このコンセプトはほとんどの戦略ゲームに存在する。例えば、以下は非常に高い精度で解かれたチェスの局面である。ソルバーは、d6、e6、およびNf6といった3つの手がすべて期待値0.0を持つと計算する。もちろん、これらの手はそれぞれ異なるアイデアや戦略を持っている。しかし、これらの手はすべてプレイ可能であり、最高ステークスでもプレイされている(筆:ポーカーとは違う部分ですね。)。


■ じゃあどうすればいいんだってばよ


一部のスポットでは、同等とみなせる戦略が複数存在することを受け入れよう。そして、君が研究しているスポットを正確にモデル化するパラメータが正しければ、出力される個々のソルバー解の「どれが正しいか/どれを選択するか」はあまり重要ではない。
あるノードの正確な戦略に拘るのではなく、以下の3つを重要視しよう。

  • 選んだ戦略をうまく実行し、徹底的にやろう。

  • 基本的なGTOの原則を理解しよう。

  • GTO戦略の基となるエクスプロイト的なダイナミクスを理解しよう。 (筆:GTOは相互エクスプロイトの均衡だったことを思い出しましょう)


■ 結論

本記事を読むと、「なんか難しいな」「もうどうでもいいや」等の考えになってしまうかもしれない。しかし、君のやることは複雑なソリューションを覚えることではない。これらソリューションが示す戦略の背景を理解することである。

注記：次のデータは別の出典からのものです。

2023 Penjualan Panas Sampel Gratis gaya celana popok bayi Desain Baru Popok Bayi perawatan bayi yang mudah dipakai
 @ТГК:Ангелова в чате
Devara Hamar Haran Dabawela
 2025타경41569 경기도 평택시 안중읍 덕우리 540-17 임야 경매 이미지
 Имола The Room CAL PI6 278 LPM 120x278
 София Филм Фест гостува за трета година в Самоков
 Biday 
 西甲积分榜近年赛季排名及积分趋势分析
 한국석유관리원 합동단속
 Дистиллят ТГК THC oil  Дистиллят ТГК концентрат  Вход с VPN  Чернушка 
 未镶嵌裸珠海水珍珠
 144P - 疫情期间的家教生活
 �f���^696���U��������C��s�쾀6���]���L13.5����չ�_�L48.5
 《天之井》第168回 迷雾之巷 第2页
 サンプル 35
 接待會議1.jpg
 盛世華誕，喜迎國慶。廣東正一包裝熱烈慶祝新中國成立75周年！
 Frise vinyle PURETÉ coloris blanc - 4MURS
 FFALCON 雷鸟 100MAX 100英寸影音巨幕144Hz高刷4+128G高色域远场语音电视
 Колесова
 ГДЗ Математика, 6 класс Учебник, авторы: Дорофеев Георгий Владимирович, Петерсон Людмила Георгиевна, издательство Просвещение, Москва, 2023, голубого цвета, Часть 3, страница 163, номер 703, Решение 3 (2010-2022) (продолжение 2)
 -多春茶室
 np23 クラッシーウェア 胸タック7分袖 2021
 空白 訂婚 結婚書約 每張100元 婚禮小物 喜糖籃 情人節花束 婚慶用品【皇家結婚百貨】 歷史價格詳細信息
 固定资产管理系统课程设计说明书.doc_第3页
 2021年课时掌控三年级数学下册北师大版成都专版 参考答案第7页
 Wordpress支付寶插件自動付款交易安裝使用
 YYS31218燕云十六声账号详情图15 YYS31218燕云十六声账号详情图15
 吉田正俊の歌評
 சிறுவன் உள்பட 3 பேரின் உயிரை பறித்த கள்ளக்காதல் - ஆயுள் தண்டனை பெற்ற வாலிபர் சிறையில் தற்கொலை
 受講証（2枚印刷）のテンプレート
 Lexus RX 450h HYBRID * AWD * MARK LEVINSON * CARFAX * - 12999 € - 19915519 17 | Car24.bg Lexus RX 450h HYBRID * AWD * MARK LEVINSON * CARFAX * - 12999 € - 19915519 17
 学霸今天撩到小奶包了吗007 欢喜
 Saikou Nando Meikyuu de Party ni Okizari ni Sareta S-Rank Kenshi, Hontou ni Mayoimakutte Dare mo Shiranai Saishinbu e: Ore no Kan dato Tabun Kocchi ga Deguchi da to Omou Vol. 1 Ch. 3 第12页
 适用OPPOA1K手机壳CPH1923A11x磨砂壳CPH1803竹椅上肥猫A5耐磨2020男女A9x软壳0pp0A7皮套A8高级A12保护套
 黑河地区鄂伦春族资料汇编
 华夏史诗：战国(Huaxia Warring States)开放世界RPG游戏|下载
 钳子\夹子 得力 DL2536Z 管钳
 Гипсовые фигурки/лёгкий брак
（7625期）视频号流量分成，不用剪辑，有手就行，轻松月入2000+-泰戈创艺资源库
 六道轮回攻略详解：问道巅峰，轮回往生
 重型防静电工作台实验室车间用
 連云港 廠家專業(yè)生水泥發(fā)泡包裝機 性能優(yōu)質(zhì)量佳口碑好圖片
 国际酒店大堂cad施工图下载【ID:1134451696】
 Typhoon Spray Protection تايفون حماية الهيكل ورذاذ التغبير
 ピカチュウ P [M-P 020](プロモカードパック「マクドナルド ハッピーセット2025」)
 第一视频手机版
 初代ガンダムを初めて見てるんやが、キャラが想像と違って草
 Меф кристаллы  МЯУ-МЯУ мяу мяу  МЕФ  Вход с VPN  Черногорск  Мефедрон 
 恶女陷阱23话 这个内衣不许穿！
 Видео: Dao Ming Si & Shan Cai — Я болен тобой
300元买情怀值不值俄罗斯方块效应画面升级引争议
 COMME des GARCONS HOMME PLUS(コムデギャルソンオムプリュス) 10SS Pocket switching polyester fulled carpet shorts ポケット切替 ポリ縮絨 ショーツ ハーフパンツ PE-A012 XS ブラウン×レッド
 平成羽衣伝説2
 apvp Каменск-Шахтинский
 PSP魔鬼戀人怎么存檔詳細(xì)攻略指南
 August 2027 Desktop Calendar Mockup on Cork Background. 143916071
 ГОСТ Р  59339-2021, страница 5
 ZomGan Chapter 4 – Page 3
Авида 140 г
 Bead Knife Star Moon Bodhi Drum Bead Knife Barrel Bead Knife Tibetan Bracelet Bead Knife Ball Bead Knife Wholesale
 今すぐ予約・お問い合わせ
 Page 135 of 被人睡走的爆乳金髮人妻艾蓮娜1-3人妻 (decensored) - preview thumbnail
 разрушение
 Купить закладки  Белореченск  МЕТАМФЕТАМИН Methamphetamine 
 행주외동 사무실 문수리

単純に全ての解を記憶することは無理だし、十分な効果が得られない。その代わり、根本的な原則を勉強しよう。様々なスポットでのレンジ構築方法を学ぼう。そうすれば、ポーカーの神が君に舞い降りるぞ!!!
また、原則を学ぶことはエクスプロイトをするのにも役立つので損はない。


■ 筆者コラム

ポーカーのレンジを覚えようとする行為は本当にやめた方がいいです。これはシンプルに時間効率が悪いです。世の中にはイメージ記憶ができる猛者がいるようですが、そのような方が見ただけで覚えてしまう。そして一生忘れない。のであればレンジを記憶して、その通りにプレイしたらいいと思います。

ですがそうは甘くないですよね。いらないことは覚えているのに、覚えておいてほしいことは忘れてしまう。それが人間なのです。
じゃあ、ポーカーでは何を覚えたらいいか…。それは閾値を覚えることです(これはこちらの記事で紹介しています)。閾値の引き出しを増やすと割と応用が利くようになります。あ、このシチュエーションの閾値は○○だったな。じゃあこのポケットは恐らくコールの最低閾値よりも上のハンドなるだろうから、恐らくコールでしょ。等予想がつくようになります。

これができるようになると、ポーカーがより楽しくなっていきます。そして、またどんどん引き出しが増えていき、、、、、最強へ…。

ただ良くないのはその閾値を適当に使いすぎて、理由付け→バイアスが掛かってしまう。ことがあります。ポーカーは色々な条件が複雑に絡み合います。あくまでも一つの判断基準でしかないことは頭に入れておくとよいかもしれません。

さぁ、君もGTOを学ぼうではありませんか。